When a line in the entries contains the word "Limited", copy that line in full.

Web page caption snippets
◆ ◆ ◆ ◆ ◆
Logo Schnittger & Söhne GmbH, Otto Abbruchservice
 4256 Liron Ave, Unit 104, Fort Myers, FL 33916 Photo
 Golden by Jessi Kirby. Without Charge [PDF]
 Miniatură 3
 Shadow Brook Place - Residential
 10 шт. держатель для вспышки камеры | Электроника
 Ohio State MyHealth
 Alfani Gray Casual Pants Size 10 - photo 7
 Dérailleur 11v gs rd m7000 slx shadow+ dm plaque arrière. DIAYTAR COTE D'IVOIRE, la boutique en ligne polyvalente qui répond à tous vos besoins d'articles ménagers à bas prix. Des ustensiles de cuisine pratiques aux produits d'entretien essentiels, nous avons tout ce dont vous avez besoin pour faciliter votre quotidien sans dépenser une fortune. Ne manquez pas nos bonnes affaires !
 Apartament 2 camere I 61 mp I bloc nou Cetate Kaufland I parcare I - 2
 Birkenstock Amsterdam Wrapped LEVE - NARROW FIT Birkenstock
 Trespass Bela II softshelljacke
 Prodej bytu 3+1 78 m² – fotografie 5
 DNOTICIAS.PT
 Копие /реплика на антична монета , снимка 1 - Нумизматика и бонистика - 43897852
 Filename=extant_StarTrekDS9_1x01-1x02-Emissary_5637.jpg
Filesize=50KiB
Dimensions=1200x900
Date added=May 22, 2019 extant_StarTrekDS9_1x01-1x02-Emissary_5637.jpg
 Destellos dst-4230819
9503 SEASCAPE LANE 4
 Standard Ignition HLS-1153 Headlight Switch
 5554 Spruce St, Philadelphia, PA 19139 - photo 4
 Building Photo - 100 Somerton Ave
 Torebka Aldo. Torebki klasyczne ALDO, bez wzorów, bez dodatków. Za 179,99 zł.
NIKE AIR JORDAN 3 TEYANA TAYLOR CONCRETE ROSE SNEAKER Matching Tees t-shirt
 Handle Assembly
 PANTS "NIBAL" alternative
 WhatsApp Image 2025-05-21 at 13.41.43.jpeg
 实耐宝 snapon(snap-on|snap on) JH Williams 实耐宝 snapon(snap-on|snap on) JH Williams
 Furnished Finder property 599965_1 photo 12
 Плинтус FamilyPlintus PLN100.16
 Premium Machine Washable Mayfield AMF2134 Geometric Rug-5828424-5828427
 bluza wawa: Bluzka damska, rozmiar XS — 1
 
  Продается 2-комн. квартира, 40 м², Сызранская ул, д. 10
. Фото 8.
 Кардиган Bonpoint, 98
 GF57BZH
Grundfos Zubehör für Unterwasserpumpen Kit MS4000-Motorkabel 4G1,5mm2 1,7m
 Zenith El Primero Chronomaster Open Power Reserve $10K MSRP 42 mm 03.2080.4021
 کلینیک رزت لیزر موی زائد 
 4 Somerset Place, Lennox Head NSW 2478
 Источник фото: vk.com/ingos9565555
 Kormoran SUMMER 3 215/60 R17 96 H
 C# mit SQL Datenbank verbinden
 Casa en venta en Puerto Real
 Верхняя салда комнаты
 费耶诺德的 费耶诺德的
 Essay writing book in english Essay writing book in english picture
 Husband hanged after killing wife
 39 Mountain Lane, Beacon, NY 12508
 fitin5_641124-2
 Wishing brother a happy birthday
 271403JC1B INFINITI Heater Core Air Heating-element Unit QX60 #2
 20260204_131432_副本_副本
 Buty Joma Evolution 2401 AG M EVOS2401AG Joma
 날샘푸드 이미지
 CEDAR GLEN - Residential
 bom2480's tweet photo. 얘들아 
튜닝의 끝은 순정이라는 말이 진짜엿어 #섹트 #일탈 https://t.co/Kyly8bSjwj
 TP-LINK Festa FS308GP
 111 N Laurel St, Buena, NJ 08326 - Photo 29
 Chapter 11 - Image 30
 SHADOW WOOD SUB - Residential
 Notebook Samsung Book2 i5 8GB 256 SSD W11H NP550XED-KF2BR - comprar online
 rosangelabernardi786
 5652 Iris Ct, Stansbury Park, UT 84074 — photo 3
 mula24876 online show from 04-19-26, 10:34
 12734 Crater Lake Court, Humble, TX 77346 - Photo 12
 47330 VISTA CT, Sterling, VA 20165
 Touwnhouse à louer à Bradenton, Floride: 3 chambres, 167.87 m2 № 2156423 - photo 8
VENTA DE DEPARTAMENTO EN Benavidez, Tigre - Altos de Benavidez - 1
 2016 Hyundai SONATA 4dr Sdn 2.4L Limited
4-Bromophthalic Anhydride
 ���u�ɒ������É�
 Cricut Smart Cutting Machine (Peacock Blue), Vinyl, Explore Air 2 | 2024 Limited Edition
◆ ◆ ◆ ◆ ◆
Finished exercise:
 2016 Hyundai SONATA 4dr Sdn 2.4L Limited
 Cricut Smart Cutting Machine (Peacock Blue), Vinyl, Explore Air 2 | 2024 Limited Edition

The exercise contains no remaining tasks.